Chegamos a mais um vinte de novembro, data designada para que se celebre a “Consciência Negra”, nem país onde a grande maioria da população é identificada como preta ou parda, segundo os últimos dados divulgados pelo IBGE.
Mas o certo é que ampla parte dessa grande maioria ainda não conseguiu desvencilhar-se do passado de opressão, desigualdade e racismo, situações estas que insistem ainda a assolar a nossa sociedade atual, por mais que os tempos sejam outros, que se usufrua de tecnologia avançada e que os movimentos sociais estejam num cenário de luta permanente contra o racismo e a desigualdade social.
O carnaval, que congrega manifestações múltiplas, plurais e complexas, se configura como lugar razoável de liberdade, legitimação e protagonismo para a ampla maioria da população brasileira, que é abandonada ao acesso a outros espaços, bens, serviços e demais oportunidades que o racismo estrutural nega diariamente.
Foi através do carnaval que o negro primeiramente pode festejar distintas manifestações de liberdade.
As recordações de blocos, marchinhas, desfiles de escolas de samba (e o próprio samba), apresentam consigo encantadoras histórias de luta, ancestralidade e resistência cultural. As reminiscências das fantasias e máscaras atestam o espírito livre e infrator de muitas manifestações negras durante os festejos carnavalescos.
Mas a nossa realidade atual é de que até o nosso carnaval está imerso em um processo de opressões raciais, de gênero, sexualidade e classe.
Cristiano Lima, da Coordenação Nacional de Entidades Negras nos relata que “o carnaval de rua foi construído com a exclusão social dos negros, já que eram os clubes que faziam a festa, mas os negros, pobres e excluídos, começaram a fazer essa festa na rua e se organizaram. Quando isso ganhou importância, quando a sociedade negra se associa para participar disso, aí que a elite sai dos clubes e vai pra rua também, mas nunca de forma igualitária.”
O carnaval foi uma das primeiras festividades que deu visibilidade à cultura afro-brasileira. Os festejos carnavalescos, importados do velho continente, sempre contaram com dança e sonoridade essencialmente negras no seu estabelecimento em nosso país. Os maiores subsídios do negro nesse processo foi a criação de gêneros musicais adequados para a folia, como o samba, o samba-enredo, o maracatu, o afoxé e o axé.
Veio principalmente da participação negra nas festividades carnavalescas a criação dos cordões, das escolas de samba e muitos blocos famosos, além da temática negra ser rotineiramente explorada nos temas de enredos das agremiações carnavalescas.

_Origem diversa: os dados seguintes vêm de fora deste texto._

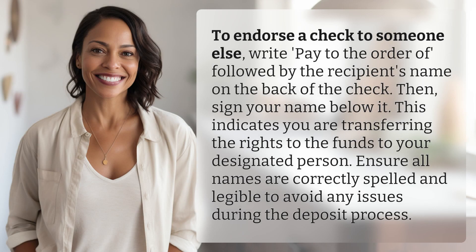To endorse a check to someone else, write 'pay to the order of' followed by the recipient's name on the back of the check. Then sign your name below it. This indicates you are transferring the rights to the funds to your designated person. Ensure all names are correctly spelled and legible to avoid any issues during the deposit process.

Os enredos das agremiações carnavalescas são importantes veículos para conservar e difundir referências e valores de certos grupos étnicos sociais continuamente discriminados, que alcançam espaço na época da realização do carnaval. Foi preciso o carnaval para que figuras como Zumbi dos Palmares, Chico Rei e Chica da Silva, recebessem o devido destaque a que fazem jus, visto que eram incógnitos pela ‘história oficial’.
O carnaval tem o condão de manter a cultura negra viva. Foi com os símbolos da tradição negra que o samba se tornou expressão musical em todo o Brasil.
No carnaval se tem um espaço de intenso diálogo e negociação das tensões sociais que decorrem das relações no dia-a-dia das cidades.
As escolas de samba, muitas vezes, assumiram obrigações básicas que o Estado não deu conta, como por exemplo, dar oportunidades de ofício, de aprendizagem e de construção de subjetividades para crianças, jovens e adultos. Nessas agremiações, saberes e valores básicos à cidadania são frequentemente comunicados dos mais envelhecidos aos mais jovens, de onde surgem grandes profissionais nas mais distintas áreas.
Tem-se que no transcurso das décadas iniciais do século XX, que o samba era avaliado como música inferior, selvagem e libertina. Foi com o advento da Era Vargas, nos anos de 1930 que o samba foi lançado à condição de símbolo da nacionalidade. Nessa época houveram incentivos ao carnaval das escolas e a utilização da recém-inaugurada radiodifusão, ajudando a que acontecesse a expansão desse ritmo por todo o país, até os dias atuais.
Não há nenhum exagero ao se dizer que o samba pode muito bem ser considerado como um ritmo negro de resistência.
A festa da carne é memória, vida e seguimento para negros e negras.
Por fim se pode afirmar que o carnaval ainda representa um dos poucos espaços para expressão da cultura afro-brasileira na sua integralidade e essência.